O Município de Boa Vista da Aparecida deve se abster de contratar de forma terceirizada serviços de contabilidade, que se configurem como atividades típicas e permanentes da administração pública. Essa foi a decisão do Pleno do Tribunal de Contas do Estado (TCE-PR), ao julgar parcialmente procedente a Representação proposta pelo Ministério Público de Contas do Paraná (MPC-PR).
A decisão, expressa no Acórdão n° 1376/22, se deu em razão da inobservância do artigo 39 da Constituição Estadual e do Prejulgado nº 06, a par do artigo 37, caput e incisos I e II da Constituição Federal, na contratação terceirizada de serviços de contabilidade pelo Município.
Representação
Na inicial, o MPC-PR apontou ter verificado irregularidades no Contrato nº 96/2018, celebrado entre o Município de Boa Vista da Aparecida e microempresa de consultoria contábil, por ofensa ao entendimento fixado pelo TCE-PR no Prejulgado nº 6 e ao artigo 39 da Constituição do Estado do Paraná. Ambos os textos vedam a contratação de serviços de terceiros para a realização de atividades que possam ser regularmente exercidas por servidores públicos, devidamente aprovados em concurso público. Ainda, destacou que a contratação de consultorias contábeis e jurídicas exigem notória especialização, sendo necessária a demonstração de singularidade do objeto e/ou alta demanda de complexidade, casos em que poderá haver contratação direta e desde que seja para um objeto específico e com prazo determinado, não podendo ser destinado para as finalidades de acompanhamento de gestão.
Neste sentido, o órgão ministerial observou que o citado contrato não se enquadrava em nenhuma das hipóteses admitidas pelo Prejulgado nº 06, bem como destacou a possibilidade de eventual parentesco do assessor técnico contábil da Prefeitura Municipal com o titular da empresa contratada, além da ocorrência de aparente duplicidade de um dos objetos do contrato. Desta maneira, requereu a concessão da medida cautelar para que fosse determinada a imediata suspensão da execução do Contrato nº 96/2018, além da conversão dos autos em Tomada de Contas Extraordinária e da instauração de procedimentos similares para tantos quantos fossem os contratos de assessoria contábil firmados por Municípios paranaenses com a empresa mencionada e, também, a inclusão, no polo passivo, do Controlador Interno do Município.
Instrução do Processo
O relator do processo, Conselheiro Nestor Baptista, mediante o Despacho n° 713/21 deferiu a medida cautelar, determinando a imediata suspensão do Contrato nº 96/2018 e de qualquer pagamento à empresa citada, com vistas a resguardar o erário municipal.

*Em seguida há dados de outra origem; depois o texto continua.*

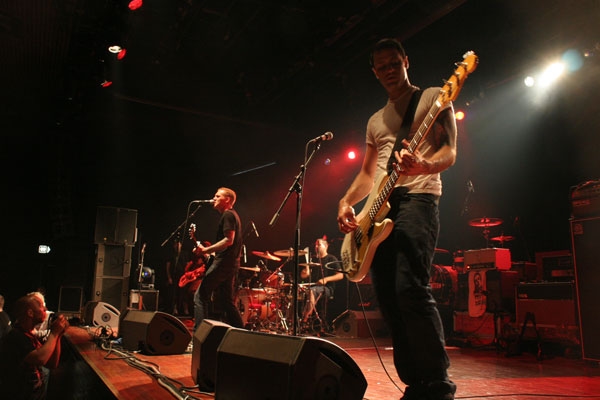 The Gaslight Anthems huldigen auch live gern Bruce Springsteen. – The Gaslight Anthems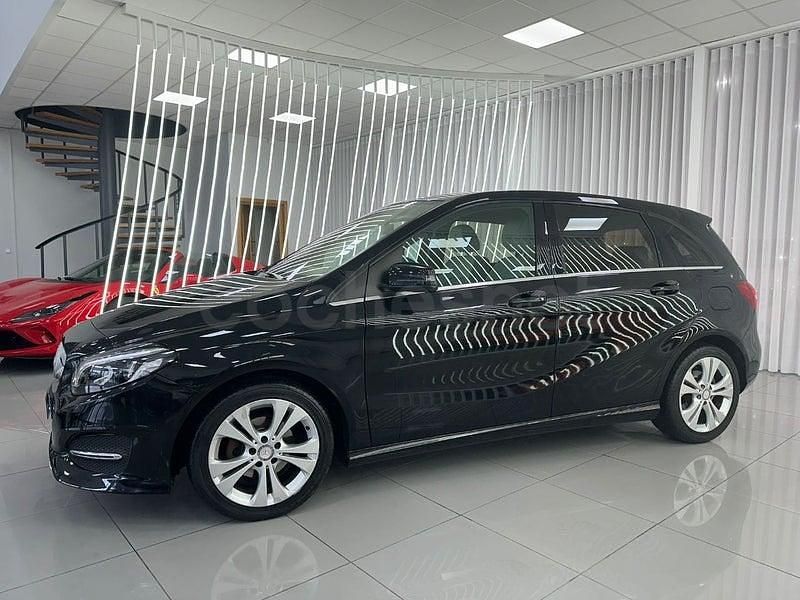 Usado Mercedes B180 109 CV (80 kW) 2017 Negro Monovolumen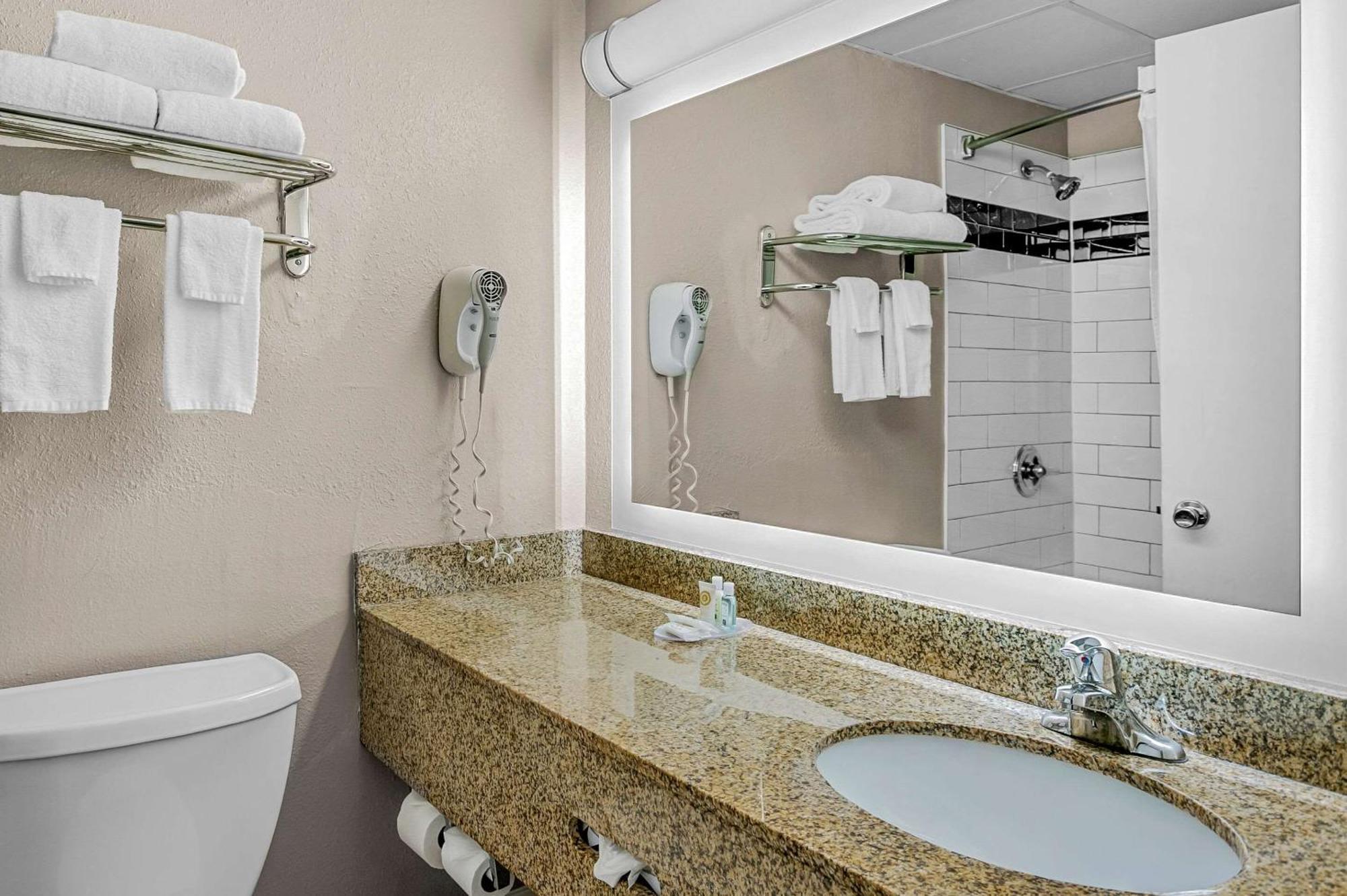 Quality Inn Jessup - Columbia South Near Fort Meade Exterior foto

Na sequência, as partes exerceram o direito de contraditório alegando, em suma, que não houve substituição das atividades cotidianas dos servidores públicos, visto que a empresa contratada realizada serviços de outra natureza em relação a temas que ultrapassam as funções ordinárias da administração pública, tendo em vista a condição de especialização e capacidade técnica para serviço de alta complexidade.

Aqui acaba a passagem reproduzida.